Um pouco mais à frente no curso, Hilquias Costa, 25, partilha experiências semelhantes às de Virgínia. Aluno do 7º período, ele entrou no projeto este ano, mas acompanha o trabalho da iniciativa desde a sua fundação em 2020. “A convivência diária com alguns temas importantes para a prática médica e de qualquer profissional da saúde, de uma maneira muito simples e leve,  impacta de certa forma a nossa formação acadêmica”. Ele ressalta ainda que o trabalho desenvolvido pela iniciativa no Instagram permite aos usuários a extração de informações relevantes, seguras e embasadas.

Na perspectiva de Mateus Araújo Medeiros, estudante do 3º período de Medicina, entender a bioética é enxergar que os preceitos éticos vão além da prática científica. Ele participa do projeto há poucas semanas e reconhece que a atividade o tem feito entender o impacto da medicina e da bioética no desenvolvimento do conhecimento científico. “Lendo as publicações do Instagram (do projeto), houve vários momentos que me chamaram atenção, principalmente, para a necessidade dos comitês de ética e bioética na produção científica responsável”, destaca.
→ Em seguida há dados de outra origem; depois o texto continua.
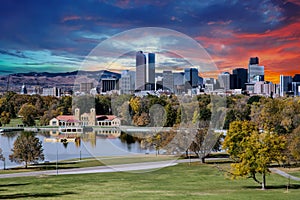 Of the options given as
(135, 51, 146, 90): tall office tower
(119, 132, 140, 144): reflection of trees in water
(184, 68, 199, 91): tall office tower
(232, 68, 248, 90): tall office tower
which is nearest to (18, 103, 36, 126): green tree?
(119, 132, 140, 144): reflection of trees in water

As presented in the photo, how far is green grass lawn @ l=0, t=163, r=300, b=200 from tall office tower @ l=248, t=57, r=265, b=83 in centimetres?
7642

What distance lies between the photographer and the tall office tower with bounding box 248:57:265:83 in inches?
3849

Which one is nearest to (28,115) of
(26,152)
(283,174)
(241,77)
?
(26,152)

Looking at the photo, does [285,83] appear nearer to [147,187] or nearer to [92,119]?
[92,119]

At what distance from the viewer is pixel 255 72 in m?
108

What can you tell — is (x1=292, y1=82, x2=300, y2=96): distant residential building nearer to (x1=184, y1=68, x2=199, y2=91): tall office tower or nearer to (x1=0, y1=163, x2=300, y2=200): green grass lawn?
(x1=184, y1=68, x2=199, y2=91): tall office tower

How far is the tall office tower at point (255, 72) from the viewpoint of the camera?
97.8 metres

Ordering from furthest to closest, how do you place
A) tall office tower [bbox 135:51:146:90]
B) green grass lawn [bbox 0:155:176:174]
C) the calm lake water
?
the calm lake water
green grass lawn [bbox 0:155:176:174]
tall office tower [bbox 135:51:146:90]

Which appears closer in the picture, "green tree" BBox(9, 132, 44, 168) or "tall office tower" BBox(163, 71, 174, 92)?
"green tree" BBox(9, 132, 44, 168)

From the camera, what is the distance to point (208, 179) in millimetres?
17156

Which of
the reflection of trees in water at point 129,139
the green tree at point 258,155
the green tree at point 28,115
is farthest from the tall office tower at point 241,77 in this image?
the green tree at point 258,155

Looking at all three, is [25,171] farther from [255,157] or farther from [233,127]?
[255,157]

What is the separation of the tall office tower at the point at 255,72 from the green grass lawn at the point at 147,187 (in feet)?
251

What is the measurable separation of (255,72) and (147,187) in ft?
316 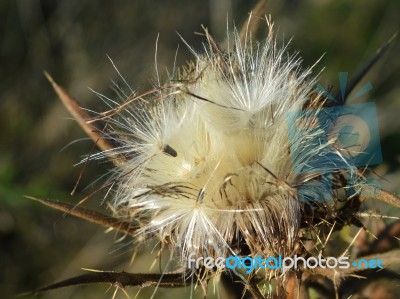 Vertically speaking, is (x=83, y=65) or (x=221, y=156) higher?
(x=83, y=65)

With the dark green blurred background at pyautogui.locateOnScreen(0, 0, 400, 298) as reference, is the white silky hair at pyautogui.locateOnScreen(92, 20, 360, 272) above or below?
below

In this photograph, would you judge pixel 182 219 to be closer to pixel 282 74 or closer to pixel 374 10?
pixel 282 74

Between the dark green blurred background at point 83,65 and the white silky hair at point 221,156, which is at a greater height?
the dark green blurred background at point 83,65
O estudante atenta para que, no período do terceiro Reich alemão, com o nazismo  e os campos de concentração, existia um fazer científico sem nenhum tipo de bioética e respeito aos direitos humanos e à individualidade das pessoas. “Então a gente percebe a importância da bioética, da neuroética, ética e cidadania na ciência”, complementa.